To the woman he said,
“I will greatly increase your pangs in childbearing;
in pain you shall bring forth children,
yet your desire shall be for your husband,
and he shall rule over you.”
And to the man he said,
“Because you have listened to the voice of your wife,
and have eaten of the tree
about which I commanded you,
‘You shall not eat of it,’
cursed is the ground because of you;
in toil you shall eat of it all the days of your life;
thorns and thistles it shall bring forth for you;
and you shall eat the plants of the field.
By the sweat of your face
you shall eat bread
until you return to the ground,
for out of it you were taken;
you are dust,
and to dust you shall return.”
The man named his wife Eve, because she was the mother of all living. And the Lord God made garments of skins for the man and for his wife, and clothed them.
Then the Lord God said, “See, the man has become like one of us, knowing good and evil; and now, he might reach out his hand and take also from the tree of life, and eat, and live forever”— therefore the Lord God sent him forth from the garden of Eden, to till the ground from which he was taken. He drove out the man; and at the east of the garden of Eden he placed the cherubim, and a sword flaming and turning to guard the way to the tree of life.
Everything has begun to unravel.
The birdsong has gone eerily flat; the leaves on the trees are quivering. A deer, browsing in the meadow, suddenly darts into the forest. Death is in the air.
Sin has taken root in God’s good world like a noxious weed. Stubborn and pervasive, it seems impossible to rid the garden of it. Now, quite literally, the land will produce thorns and thistles, making daily sustenance into hard labor.

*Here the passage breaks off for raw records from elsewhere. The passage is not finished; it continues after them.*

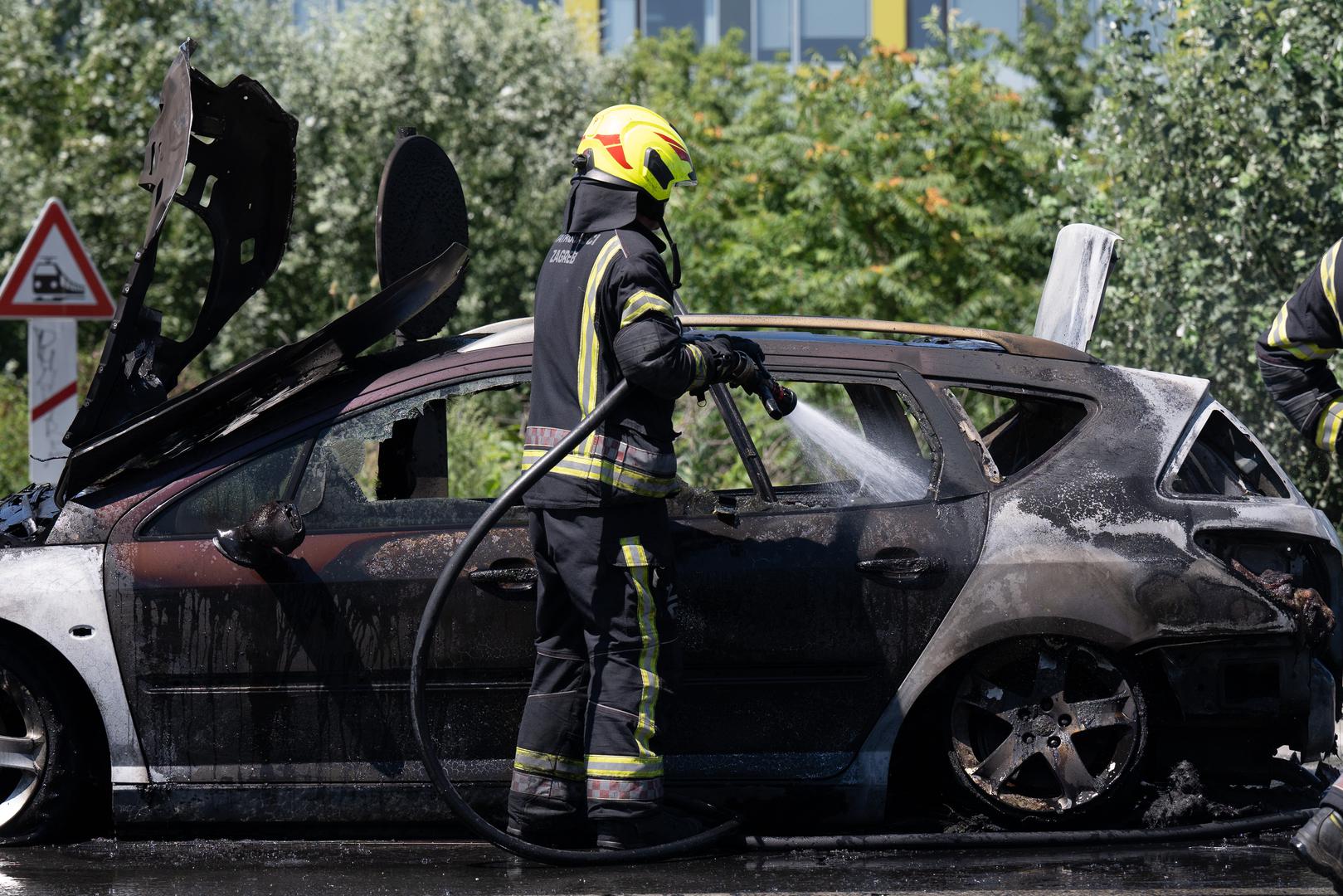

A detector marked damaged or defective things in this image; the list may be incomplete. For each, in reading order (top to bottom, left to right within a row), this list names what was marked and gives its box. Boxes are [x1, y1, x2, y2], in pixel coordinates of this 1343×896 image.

broken window glass [142, 437, 309, 537]
broken window glass [296, 376, 532, 532]
broken window glass [940, 387, 1085, 483]
broken window glass [1170, 411, 1283, 502]
burnt car interior [1176, 411, 1289, 502]
burnt car door [105, 370, 537, 784]
burnt car door [660, 354, 988, 779]
burnt tire [0, 636, 98, 843]
burnt tire [945, 636, 1144, 827]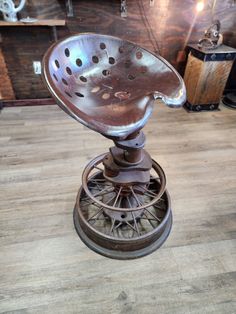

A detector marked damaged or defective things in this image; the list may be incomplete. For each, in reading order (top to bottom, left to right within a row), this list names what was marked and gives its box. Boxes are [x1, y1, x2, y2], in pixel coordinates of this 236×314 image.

rusted metal [42, 33, 186, 258]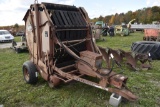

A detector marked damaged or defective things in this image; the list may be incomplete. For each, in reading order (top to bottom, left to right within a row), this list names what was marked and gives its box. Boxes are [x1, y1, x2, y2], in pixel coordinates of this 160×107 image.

rusty metal [22, 1, 138, 102]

Because Adam and Eve ate the fruit off the tree that God commanded them not to eat from, they are banished from the garden. Exiled. They ate from the tree of the knowledge of good and evil, and now they are cut off from the tree of life.
But you might know how the story ends. There’s a tree at the beginning of the story, and there’s one at the end. At the end, the tree is smack dab in the center of the city, drawing its nourishment from the river that flows from the throne of God. The leaves of the tree have restorative powers: they are “for the healing of the nations” (Revelations 22:2). The people who live in the city have a share in that tree.
So how do we get from the tree at the beginning to the tree at the end? It’s by way of another tree—the cross upon which Jesus hangs. God the Son takes up residence in the world, not like a noxious weed, but like a careful gardener, tending his creatures and sacrificing himself on our behalf. Because of his birth, death, and resurrection, we are invited back to the tree. We can eat of its fruit, find rest in its shade, and delight in its beauty. Thanks be to God.
Prayer: Lord of life, sometimes your sacrifice takes me aback. I’ve sinned. Along with Adam and Eve, I’m the one who eats the fruit I shouldn’t—but I’m not the one who is punished. Jesus, you took on the consequences of sin for the whole world, willingly being exiled from the presence of God the Father so that we could be reunited with him. Thank you for inviting us back to the tree. Amen.